Center of mass (x_cm) = (∫ [0, L] ë * x dx) / (∫ [0, L] ë dx)
= (∫ [0, L] (50.0 + 21.0x) * x dx) / (∫ [0, L] (50.0 + 21.0x) dx)
Let's evaluate the numerator and denominator separately:
Numerator:
∫ [0, L] (50.0 + 21.0x) * x dx
= ∫ [0, L] (50.0x + 21.0x^2) dx
= [25.0x^2 + (21.0/3)x^3] | [0, L]
= [25.0(L)^2 + (21.0/3)(L)^3] - [25.0(0)^2 + (21.0/3)(0)^3]
= 25.0(L)^2 + (21.0/3)(L)^3
Denominator:
∫ [0, L] (50.0 + 21.0x) dx
= [50.0x + (21.0/2)x^2] | [0, L]
= [50.0(L) + (21.0/2)(L)^2] - [50.0(0) + (21.0/2)(0)^2]
= 50.0(L) + (21.0/2)(L)^2
Substituting the values, we have:
Center of mass (x_cm) = [25.0(L)^2 + (21.0/3)(L)^3] / [50.0(L) + (21.0/2)(L)^2]
Now we can substitute the length of the rod, L = 0.39 m, into the equation:
x_cm = [25.0(0.39)^2 + (21.0/3)(0.39)^3] / [50.0(0.39) + (21.0/2)(0.39)^2]
Evaluating the expression:
x_cm ≈ 0.1913 m
Therefore, the center of mass of the rod is approximately located 0.1913 meters from the x = 0 end.
To find the answers to these questions, we need to integrate the linear density equation over the length of the rod.
(a) The mass of the rod can be found by integrating the linear density equation with respect to length:
m = ∫ë dx
Given that ë = 50.0 g/m + 21.0x g/m², we can integrate this equation with respect to x:
m = ∫(50.0 + 21.0x) dx
To find the mass, we need to substitute the limits of integration. In this case, the limits are from x = 0 to x = 39.0 cm (or 0.39 m).
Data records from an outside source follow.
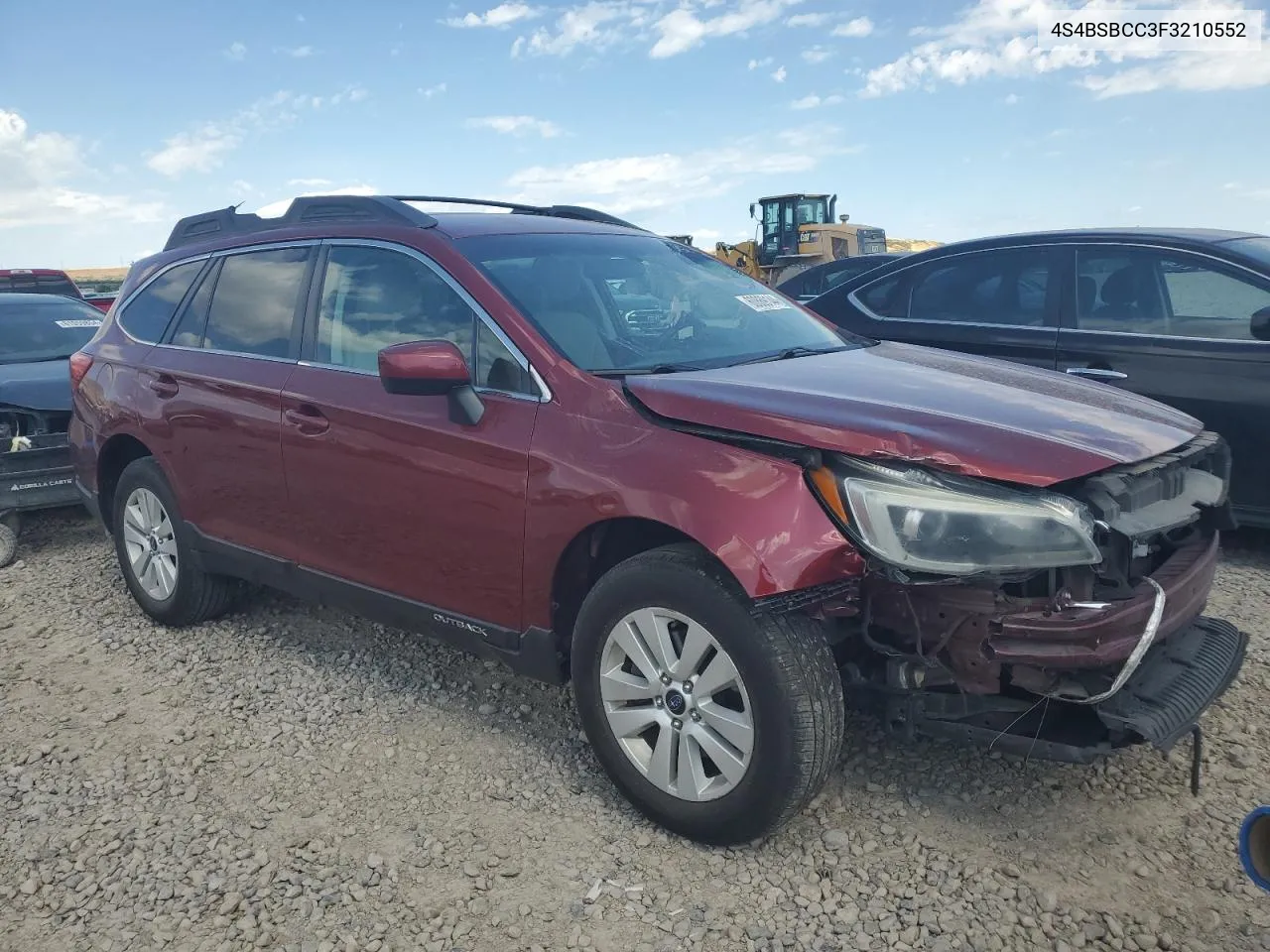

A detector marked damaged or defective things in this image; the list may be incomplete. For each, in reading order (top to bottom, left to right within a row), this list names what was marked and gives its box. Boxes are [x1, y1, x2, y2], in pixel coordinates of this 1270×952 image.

crumpled hood [0, 360, 71, 411]
broken bumper cover [0, 436, 78, 515]
crumpled hood [624, 340, 1199, 487]
damaged front end [808, 433, 1244, 791]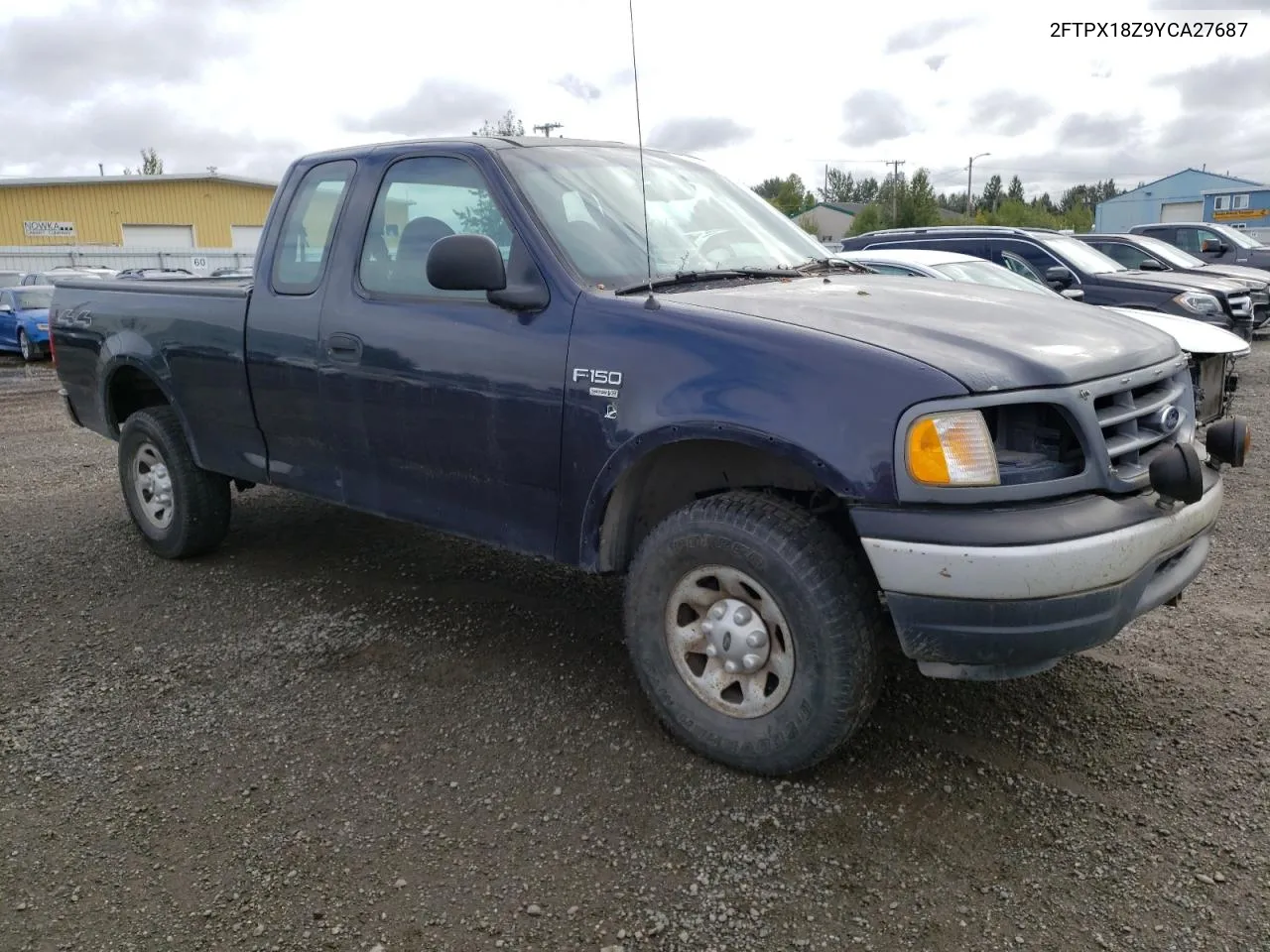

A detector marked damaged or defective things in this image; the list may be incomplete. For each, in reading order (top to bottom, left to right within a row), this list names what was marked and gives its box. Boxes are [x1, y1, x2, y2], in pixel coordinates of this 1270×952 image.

exposed headlight housing [1168, 291, 1218, 317]
exposed headlight housing [904, 411, 1000, 487]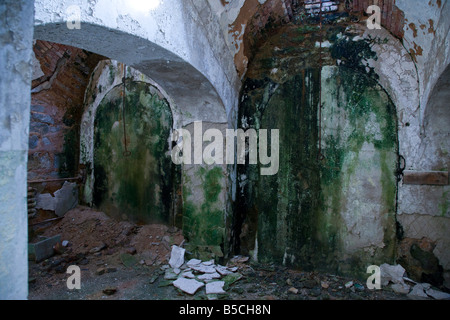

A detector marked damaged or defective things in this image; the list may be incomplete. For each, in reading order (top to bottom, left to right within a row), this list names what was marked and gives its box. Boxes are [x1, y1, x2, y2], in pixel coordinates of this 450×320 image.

peeling plaster wall [0, 0, 33, 300]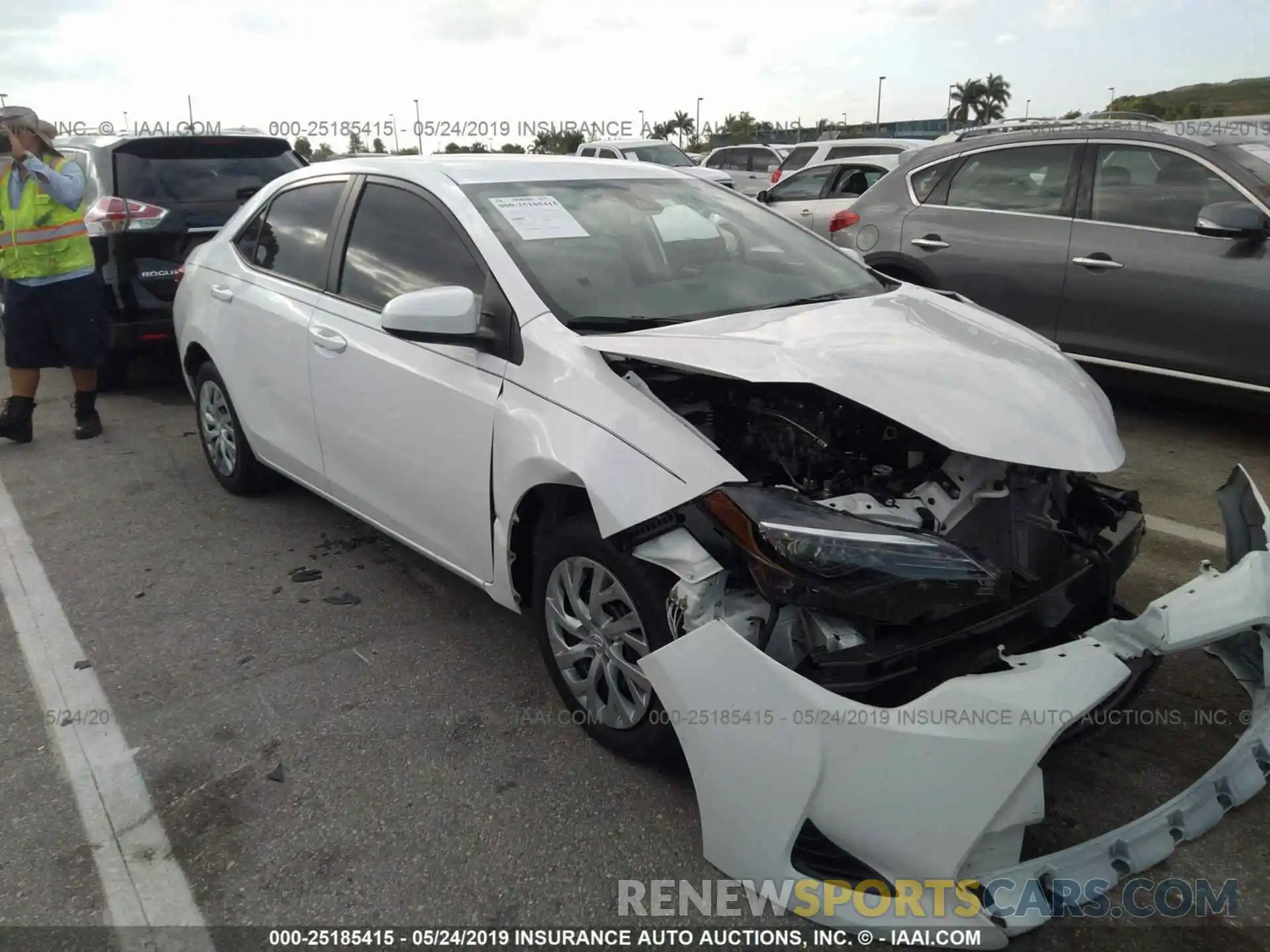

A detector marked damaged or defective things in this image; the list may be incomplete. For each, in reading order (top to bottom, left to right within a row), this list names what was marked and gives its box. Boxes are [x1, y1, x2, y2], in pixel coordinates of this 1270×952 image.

white damaged sedan [171, 155, 1270, 949]
crumpled car hood [581, 286, 1127, 475]
damaged front fender [645, 467, 1270, 944]
detached front bumper [645, 464, 1270, 949]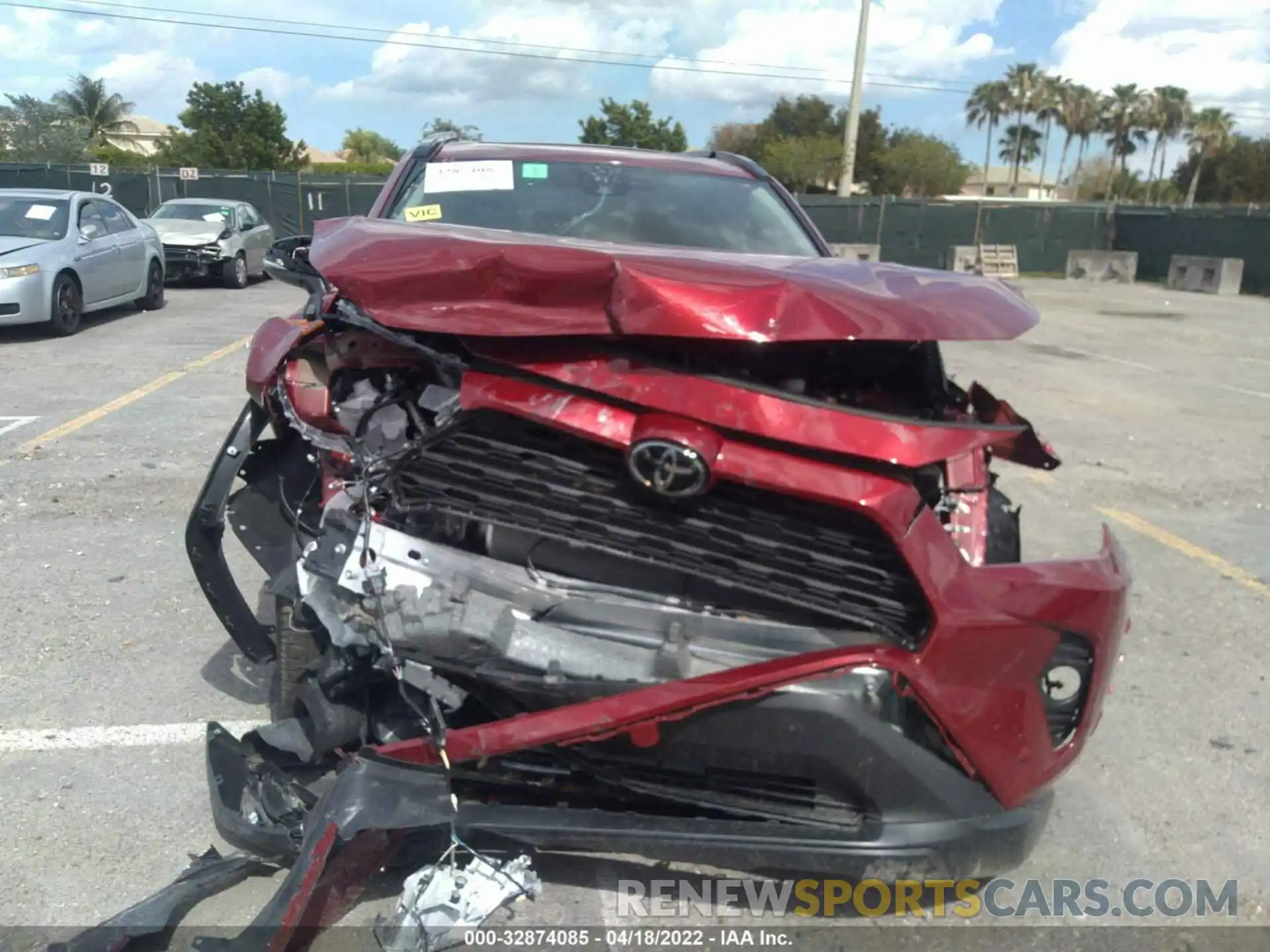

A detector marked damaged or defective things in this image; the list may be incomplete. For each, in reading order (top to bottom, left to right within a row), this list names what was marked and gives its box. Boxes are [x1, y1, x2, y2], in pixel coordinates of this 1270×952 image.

crushed hood [151, 218, 227, 243]
crushed hood [307, 218, 1041, 345]
damaged red suv [184, 136, 1127, 924]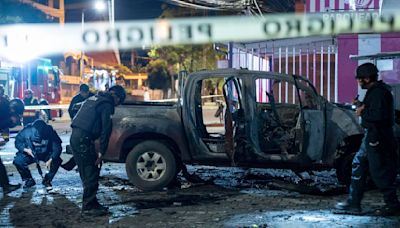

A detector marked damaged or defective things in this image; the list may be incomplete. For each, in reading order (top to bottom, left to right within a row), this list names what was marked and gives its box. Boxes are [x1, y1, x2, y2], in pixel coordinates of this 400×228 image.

damaged vehicle [102, 68, 366, 190]
burned pickup truck [103, 68, 366, 190]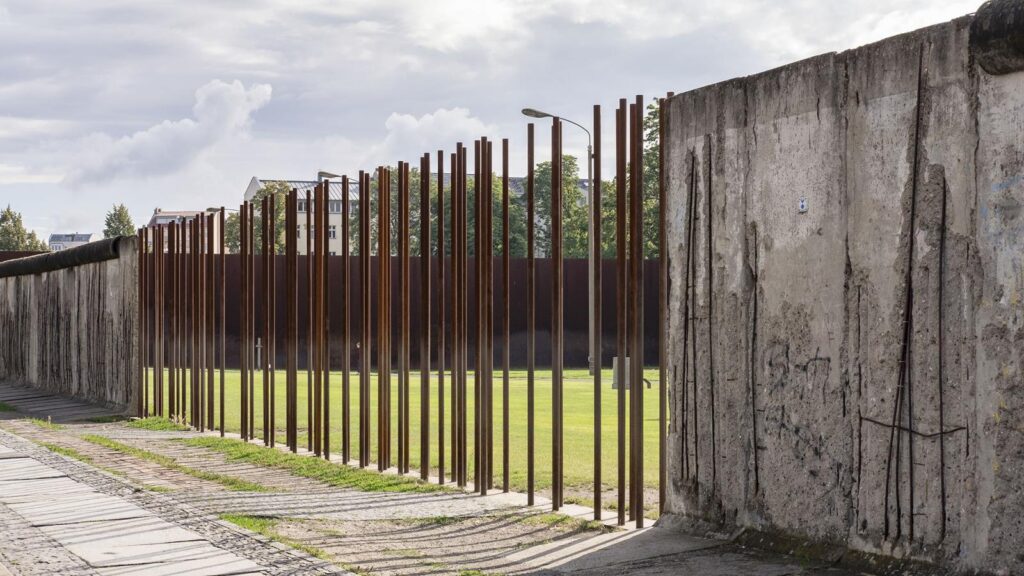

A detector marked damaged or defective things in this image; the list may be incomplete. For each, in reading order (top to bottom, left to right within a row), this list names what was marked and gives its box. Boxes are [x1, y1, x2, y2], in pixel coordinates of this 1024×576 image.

rusty metal fence [136, 95, 671, 524]
rusted steel pole [610, 99, 626, 524]
rusted steel pole [626, 94, 643, 524]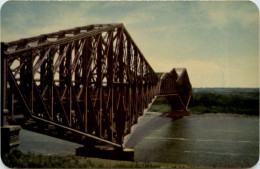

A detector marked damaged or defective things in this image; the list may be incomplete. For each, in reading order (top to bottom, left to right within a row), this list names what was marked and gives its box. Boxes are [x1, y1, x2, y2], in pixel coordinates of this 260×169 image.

rusty brown metal [3, 23, 159, 147]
So, the equation becomes:
m = ∫(50.0 + 21.0x) dx evaluated from 0 to 0.39
Evaluating the integral, we get:
m = 50.0x + (21.0/2)x² evaluated from 0 to 0.39
m = 50.0(0.39) + (21.0/2)(0.39)² - [50.0(0) + (21.0/2)(0)²]
m = 19.5 + 0.2961
m = 19.8 grams
Therefore, the mass of the rod is 19.8 grams.
(b) The center of mass is the point at which the rod would balance. To find the distance to the center of mass from the x = 0 end, we need to calculate the weighted average position of each element of the rod.
The position of each element x is weighted by its linear density:
x_com = ∫xë dx / ∫ë dx
To calculate the numerator of this equation, we need to evaluate the integral:
∫xë dx
Using the given linear density equation, this becomes:
x_com = ∫x(50.0 + 21.0x) dx
Again, we need to substitute the limits of integration, which are from x = 0 to x = 39.0 cm (or 0.39 m). So, the equation becomes:
x_com = ∫x(50.0 + 21.0x) dx evaluated from 0 to 0.39
Evaluating the integral, we get:
x_com = 50.0(x²/2) + (21.0x³/3) evaluated from 0 to 0.39
x_com = 50.0(0.39²/2) + (21.0(0.39)³/3) - [50.0(0)²/2 + (21.0(0)³/3)]
x_com = 7.605 + 0.4167
x_com = 8.022 m
Therefore, the center of mass of the rod is located at a distance of 8.022 meters from the x = 0 end.